RDF Query Syntax

Let's look at a simple query with two statements. Each statement is placed as a direct child of the <query> element within the template.

<vbox datasources="http://www.xulplanet.com/ds/sample.rdf"
         ref="http://www.xulplanet.com/rdf/A">
  <template>
    <query>
      <content uri="?start"/>
      <triple subject="?start"
              predicate="http://www.xulplanet.com/rdf/relatedItem"
              object="?relateditem"/>
    </query>
    <rule>
      ...
    </rule>
  </template>
</vbox>

This query has two statements, each specified with a different tag. The template won't generate anything yet since we still need to fill in the content to be generated which goes in the missing part inside the rule. However, the template builder will be able to compile the rules and examine them as described earlier.

The builder needs to start with a single result as the seed result. This is done with the content tag. It indicates that we are going to use a starting point when navigating the graph. Obviously, since you need to start somewhere, you will have to use a content tag and it should be the first statement. Also, because we can only have one starting point, only one content tag can be used. The seed result will be created like this:

(?start = http://www.xulplanet.com/rdf/A)

The variable ?start is determined from the tag's 'uri' attribute. You can use any variable you want; it's common to use the variable ?uri. However, all rules must use the same starting point variable. So if a second rule were used, it would also need to use the ?start variable. The value of ?start is set to 'http://www.xulplanet.com/rdf/A'. You'll notice that this is the value of the ref attribute which is the desired starting node in the RDF graph. Thus, the ?start variable becomes the container or reference variable.

Actually, in the current template implementation, the above description isn't quite correct. The seed is actually an internal variable set to the container, in this case, the vbox, and the ?start variable is set to the ref later, but that is a minor detail that doesn't make templates more understandable. For this discussion, assume that so far we have a single potential result as above.

The content tag doesn't do anything else at this point, meaning it doesn't add anything else to the network of potential results, so processing continues on to the next statement, the triple, which looks like this:

<triple subject="?start"
        predicate="http://www.xulplanet.com/rdf/relatedItem"
        object="?relateditem"/>

The triple statement is used to follow arcs or arrows in the RDF graph. The predicate attribute specifies the labels of the arrows to follow. In the triple used here, the predicate is 'http://www.xulplanet.com/rdf/relatedItem', so we know that the builder will look for arrows with that label. The builder can either follow the arrows in a forward or backward direction, but only one direction per statement. It determines which direction to use by examining which data is known and which data is not known yet. Recall the data in the potential results set:

(?start = http://www.xulplanet.com/rdf/A)

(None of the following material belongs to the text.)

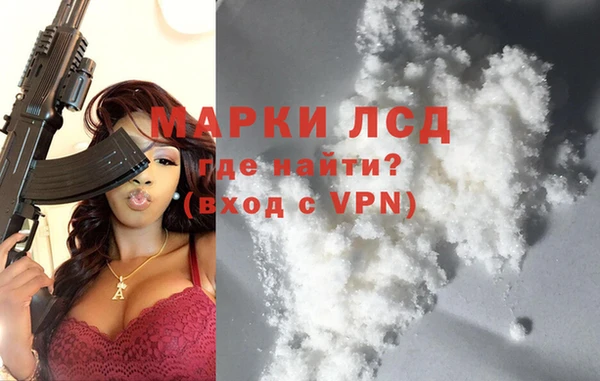mix Горняк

This was the seed data created by the content statement. You might be able to guess that the builder fills in the value of the ?start variable as the triple's subject, giving something like this:

<triple subject="http://www.xulplanet.com/rdf/A"
        predicate="http://www.xulplanet.com/rdf/relatedItem"
        object="?relateditem"/>

The builder doesn't actually change the triple, but this might clarify how the builder is working. The builder looks at both the subject and object of the triple and tries to resolve any of the variables using the known data. The ?start variable has a value 'http://www.xulplanet.com/rdf/A', so that is filled in. The ?relateditem variable doesn't have any known value, so it will be left as is. Once the variables are filled in, the builder can query the RDF graph.

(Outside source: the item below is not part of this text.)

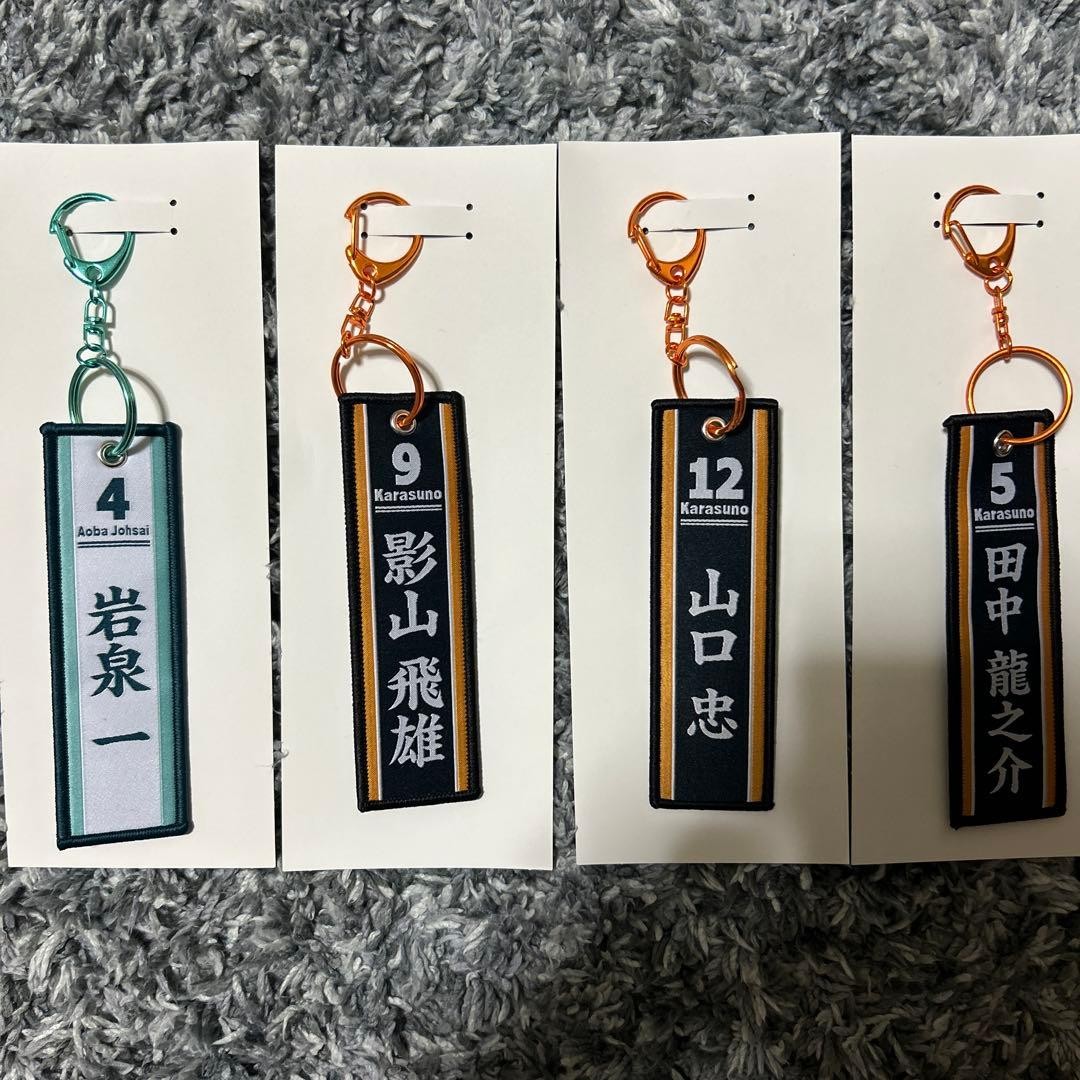 Taito Kuji Haikyu G Prize Flight Tag Karasuno Set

The query will look for all arrows that start at the node 'http://www.xulplanet.com/rdf/A' with the predicate (or arrow label) 'http://www.xulplanet.com/rdf/relatedItem'. Since ?relateditem isn't known, the builder will allow any value for the node the arrow points to, and will look in the datasource for all possible values. In a triple statement, the subject is always the start of an arc, while the object is what it points to. For this triple, the builder will follow the arrows in the forward direction. Here is the RDF graph again:

Image:Template-guide-p2.png

Starting at node A and following the relatedItem arcs, we can see that there are three possible values for the ?relateditem variable, B, C and D. This is new data, so the builder adds it to the graph. Since three values have been found, the network will now have three potential results:

(?start = http://www.xulplanet.com/rdf/A, ?relateditem = http://www.xulplanet.com/rdf/B)
(?start = http://www.xulplanet.com/rdf/A, ?relateditem = http://www.xulplanet.com/rdf/C)
(?start = http://www.xulplanet.com/rdf/A, ?relateditem = http://www.xulplanet.com/rdf/D)

You may note that the ?start variable is repeated for each result. This is because the builder copies the existing data for each new potential result and adds the new data. Internally, this isn't quite true; the builder actually maintains only one copy of the similar data but uses data structures in such a way which make it appear as if it were duplicated.

You may find this a bit confusing, but this should become clearer later with more specific and practical examples. Since the triple was the last statement, the builder moves on to the content generation phase, creating matches out of the three potential results.